Однажды особенно холодной ночью в конце декабря я лежала, свернувшись калачиком под сложенным вдвое одеялом и укрывшись поверх него картоном, и дрожала так сильно, что зубы стучали. Я понимала, что конец близок, и уже готова была сдаться. Если честно, мне было наплевать, умру я или нет, только бы избавиться от этих страданий. И если бы рядом не оказалась Каролина, я бы до утра не дожила.
Я лежала, тряслась как осиновый лист и плакала навзрыд, когда почувствовала, что кто-то гладит меня по спине. У моей постели стояла Каролина со своим одеялом и подстилкой.
– Подвигайся, – велела она, – к тебе гости.
– Не надо! – запротестовала я. – Похоже, я заболеваю, не хочу, чтобы и ты заразилась.
– Помолчи, – ответила она. – Просто подвинься.
Она скользнула под одеяло и прижалась ко мне.

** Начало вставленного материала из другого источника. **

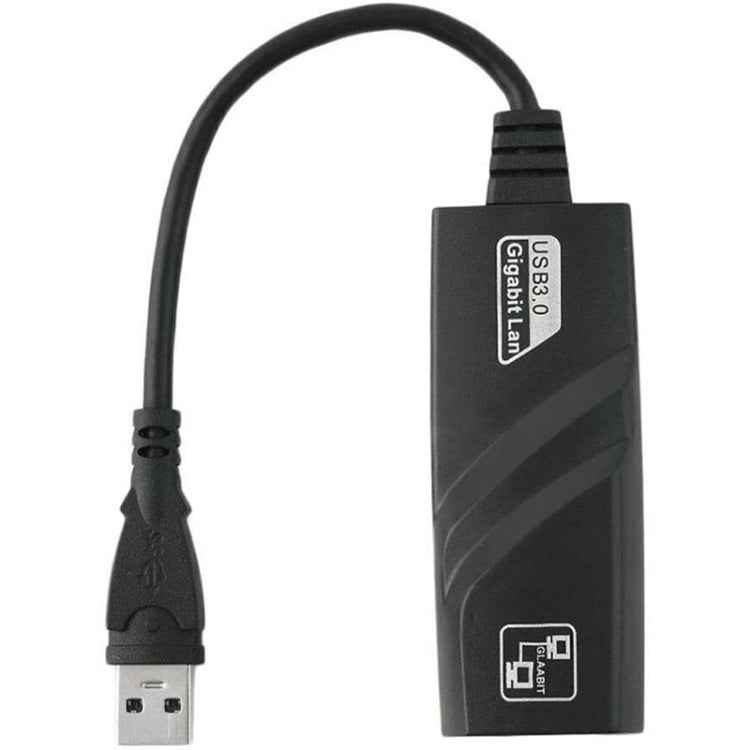 USB 3.0 10 / 100 / 1000Mbps Ethernet Adapter for Laptops, Plug and play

Обнявшись, мы лежали на двух подстилках под двумя одеялами.
Я уже выдохлась и готова была забыться вечным сном. Но Каролина проявила силу там, где у меня ее не хватило. Она хотела, чтобы я выжила. Она вернула меня к жизни. Тепло наших тел соединилось и согревало нас всю ночь.
Она замолчала. Слезы струились по ее щекам, губы дрожали, дыхание было прерывистое. Кэтрин достала коробку бумажных салфеток и обняла Лену за плечи, пытаясь успокоить.
– Хотите, мы на этом остановимся? – спросила она.
Лена покачала головой.
– Мы выжили. Каждую морозную ночь мы скручивались калачиком, я обхватывала руками и ногами ее прекрасное тело… И мы выжили. Многие не перенесли тех холодных польских ночей. Утром мы просыпались, а кто-то проснуться уже не мог. Иногда мы обнаруживали замерзших детей, их маленькие тельца навеки остались скрюченными.